Selver Sağdıç anılarını akıcı biçimde kaleme almış. Hani derler ya… Su gibi okunuyor! Çocukluğundan başlamış yaşamını anlatmaya ve geleceği parlak bir deniz teğmeninin eşi olmanın görüntülerini çok güzel sergilemiş: “Bir denizci eşi olarak doğumlarımızı yalnız yaptık, çocuklarımızı yalnız büyüttük, hastalıklarımızı yalnız geçirdik, ailelerimiz içinde çok önemli günlerimizi yalnız yaşadık.”

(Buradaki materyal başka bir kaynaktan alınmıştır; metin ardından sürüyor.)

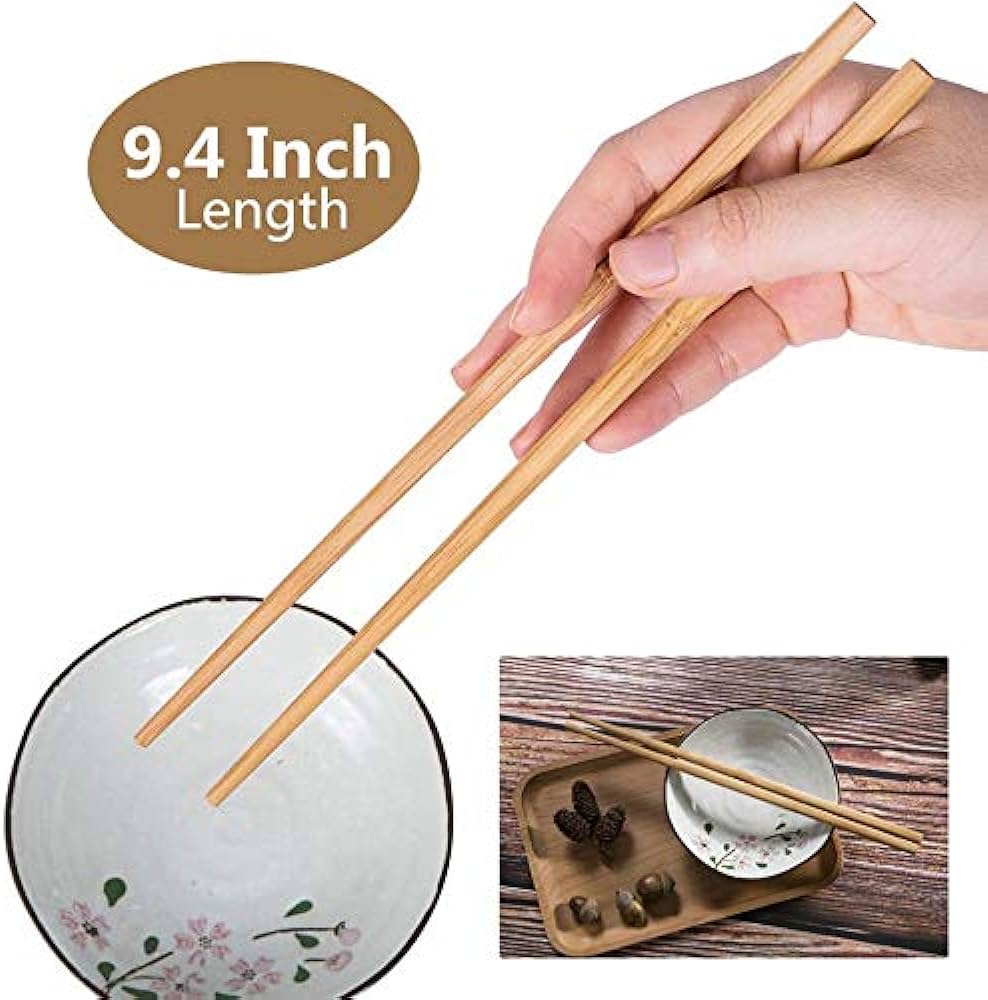 BB 5 Pairs Natural Bamboo Chopsticks 24cm Reusable Chop Stick, Hot Pot Chopstick Chopsticks Dishwasher Safe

Kocasının tırnaklarıyla kazıyarak, çalışkanlığı ve görev aşkıyla yükseldiği rütbelerin kolay alınmadığını çarpıcı biçimde vurgulamış. Kadir Sağdıç’ın komodorluk görevindeyken evinden 326 gün uzak kalarak kırdığı rekor bunun en çarpıcı örneği. Her atamada ayrı kentteki eve taşınmalar. Kutular, bantlar, paketlerden oluşan kolilerin yüklendiği kamyonlar… Düşünebiliyor musunuz; Sağdıç ailesi otuz iki yılda tam yirmi bir ev değiştirmiş! Zor koşullarda yapılan doğumlar, çocukların okulları ve bunların mütevazi maaşlarla sürdürülmesi…

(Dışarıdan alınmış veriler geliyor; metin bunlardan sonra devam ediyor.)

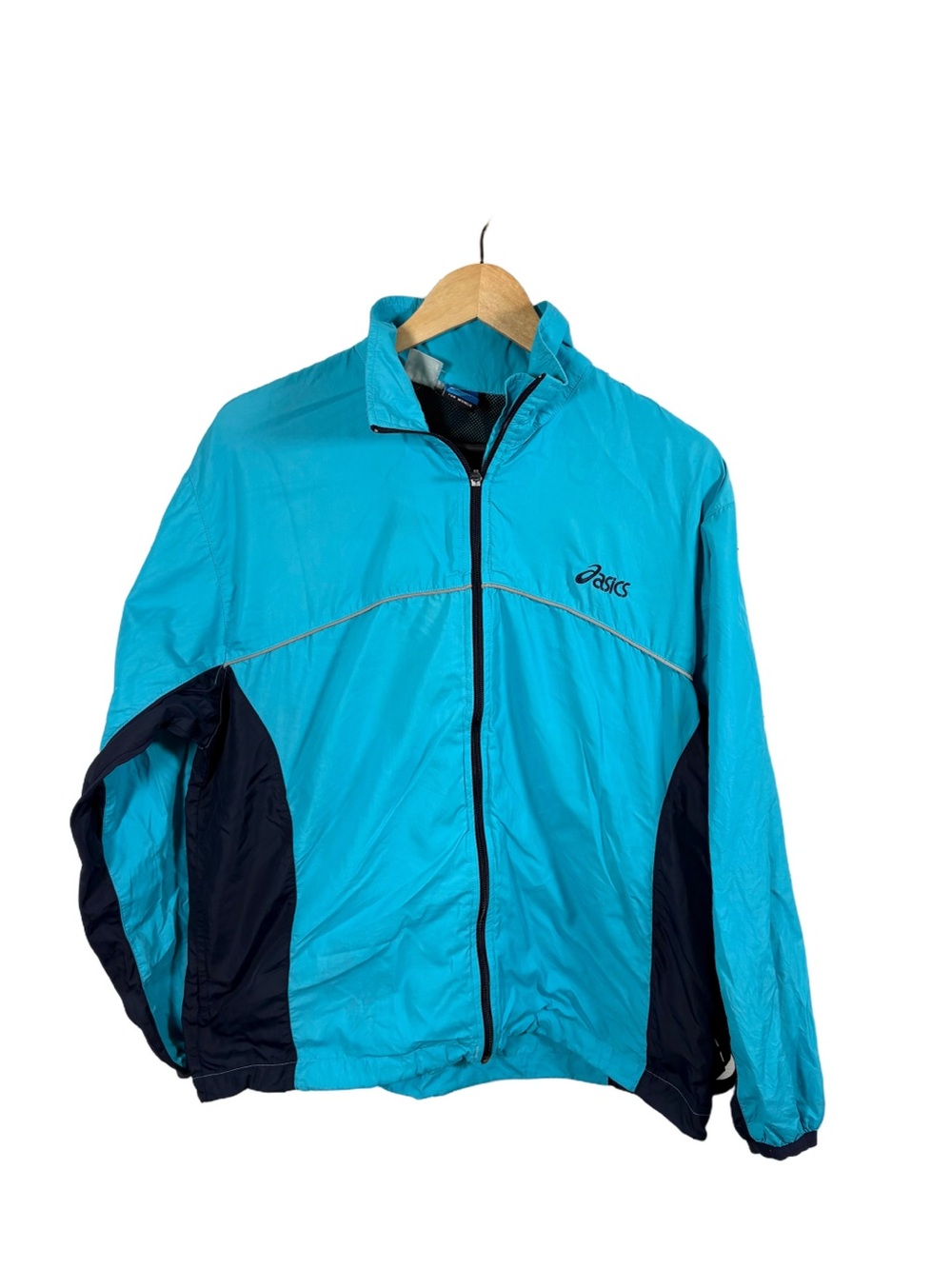 Vintage ASICS Women’s M Turquoise Navy Windbreaker Running Jacket 90s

Kadir Sağdıç teğmenin adım adım Amiralliğe ve Güney Deniz Saha Komutanlığına uzanan öyküsü ilk bölümlerde film şeridi gibi sergileniyor. Rıhtımlarda bazen geri dönecek gemileri karşılayan, bazen de sefere çıkacak gemileri uğurlayan bahriyeli eşleri… Bazen ayrılık bazen de mutluluk gözyaşları… Atatürk’ün kurduğu cumhuriyet ordusunun yurtsever, özverili denizcilerinin hikâyesi.

***

Daha sonraki bölümlerde Türk Deniz Kuvvetlerine en alçak en onursuz ihanetin sahneleri yer alıyor. 1571 İnebahtı, 1770 Çeşme, 1853 Sinop, 1827 Navarin yenilgilerinde büyük yara alan Osmanlı donanması, 1878’de Sultan Abdülhamit tarafından Haliç’e hapsedilmişti. Son ihanet ise Cumhuriyet donanmasına yönelikti. 11 Şubat 2011’de Beşiktaş’ta başladı, Hasdal ve Silivri’de devam etti. Okyanus ötesinde senaryosu yazılan baskın diğerlerinden farklıydı. Filmin kurgusu yabancı ama oyuncuları yerliydi. 31 Mart olayını körükleyen Volkan gazetesinin yerini bu kez Taraf adı verilen varakpare alıyordu. Yalan ve iftira içeren üretilmiş sahte deliller, gazeteci kılıklı ajanlar tarafından bavullara doldurularak bugün firarda olan FETÖ savcılarına götürülüyordu.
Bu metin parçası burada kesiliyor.